Politiebond spreekt van ernstige verstoring overleg met korpsleiding

A major rift has emerged between Suriname’s national police leadership and the Suriname Police Union, after the union launched a forceful protest over the sudden termination of a high-stakes negotiating session between the two parties last Wednesday.

The breakdown of talks, held on May 6, centered on a disagreement over the participation of one union board member who has been temporarily suspended from active police duty pending an ongoing internal investigation. Police leadership took the firm position that the suspended member was not eligible to join the consultation as a representative of the union. When no compromise could be reached on the issue, senior police leaders exited the meeting room early, bringing the entire session to an unplanned close.

In an official protest letter addressed to National Police Chief Melvin Pinas, union chairman Revelino Eijk has labeled the incident a “serious incident” that inflicts lasting damage on the institutional relationship between police command and the country’s police labor organization. Eijk emphasized that the abrupt end to talks has put the entire framework of social negotiation between the two sides under severe strain, leaving a slate of critical issues related to the welfare of rank-and-file officers and organizational development completely unaddressed.

The union has pushed back firmly against police leadership’s stance, noting that the suspended board member attended the meeting in their capacity as a democratically elected representative of the labor union, not as an active duty police officer.
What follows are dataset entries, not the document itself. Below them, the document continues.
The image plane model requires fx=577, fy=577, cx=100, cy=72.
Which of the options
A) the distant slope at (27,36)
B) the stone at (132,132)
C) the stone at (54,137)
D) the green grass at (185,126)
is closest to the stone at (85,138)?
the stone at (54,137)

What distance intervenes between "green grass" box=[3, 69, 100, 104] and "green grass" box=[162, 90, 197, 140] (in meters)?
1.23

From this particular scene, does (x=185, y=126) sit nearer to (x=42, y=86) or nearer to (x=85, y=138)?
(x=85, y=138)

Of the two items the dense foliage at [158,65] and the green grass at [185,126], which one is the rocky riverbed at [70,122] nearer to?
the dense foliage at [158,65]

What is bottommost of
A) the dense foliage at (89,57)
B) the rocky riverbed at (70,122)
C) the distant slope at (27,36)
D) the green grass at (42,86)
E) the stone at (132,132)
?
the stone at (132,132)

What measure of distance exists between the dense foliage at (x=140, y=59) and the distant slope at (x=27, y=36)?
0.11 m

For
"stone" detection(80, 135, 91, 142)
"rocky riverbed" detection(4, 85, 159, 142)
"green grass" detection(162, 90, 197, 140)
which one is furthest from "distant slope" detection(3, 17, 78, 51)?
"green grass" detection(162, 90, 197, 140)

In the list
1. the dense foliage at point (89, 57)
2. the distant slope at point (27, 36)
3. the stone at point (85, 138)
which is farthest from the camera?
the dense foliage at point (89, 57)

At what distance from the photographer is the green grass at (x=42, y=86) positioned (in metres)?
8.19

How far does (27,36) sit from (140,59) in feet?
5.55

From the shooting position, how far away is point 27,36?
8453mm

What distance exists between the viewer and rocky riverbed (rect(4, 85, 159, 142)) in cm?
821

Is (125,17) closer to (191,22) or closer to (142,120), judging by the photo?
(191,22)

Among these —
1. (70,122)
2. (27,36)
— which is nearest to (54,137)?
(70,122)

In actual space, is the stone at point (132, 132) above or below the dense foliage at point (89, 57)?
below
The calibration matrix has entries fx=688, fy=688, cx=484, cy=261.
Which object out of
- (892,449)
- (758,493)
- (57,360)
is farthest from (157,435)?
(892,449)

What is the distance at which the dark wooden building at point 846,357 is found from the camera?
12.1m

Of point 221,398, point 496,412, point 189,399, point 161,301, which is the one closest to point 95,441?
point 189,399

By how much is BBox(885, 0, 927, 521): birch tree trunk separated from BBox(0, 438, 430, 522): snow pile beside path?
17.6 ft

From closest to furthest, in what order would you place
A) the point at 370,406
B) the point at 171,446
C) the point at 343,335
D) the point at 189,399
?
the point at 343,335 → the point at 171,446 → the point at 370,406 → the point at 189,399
The union maintains that the authority to decide the composition of its own negotiating delegation rests exclusively with the union itself, not with police management.

To back its position, the organization cites Article 4 of Suriname’s 2016 Law on Trade Union Freedom, adopted on December 15 that year. The legislation explicitly prohibits employers from implementing discriminatory measures against trade union board members or representatives. The union argues that police leadership’s actions create the clear impression that the board member is being treated unequally and subjected to restricted treatment solely because of their role in the union.

Eijk stressed that walking away from the table does nothing to foster a mature, constructive working relationship between the two sides. Differences of opinion could have been worked through through open dialogue, the union says, without shutting down the entire consultation process entirely. The incident represents a serious disruption to social dialogue that undermines healthy labor relations, mutual institutional respect, and productive collaborative work, the union added.

This is not the first time the union has raised concerns about the dynamic between the two organizations: Eijk noted that the union has previously reminded police leadership of the critical importance of mutual respect, open communication, and respectful institutional engagement in the partnership between the two groups. The union is now calling for future negotiating sessions to be held in an environment rooted in professionalism, mutual respect, and open, constructive dialogue. A copy of the protest letter has also been sent to Harish Monorath, Suriname’s Minister of Justice and Police, for further review.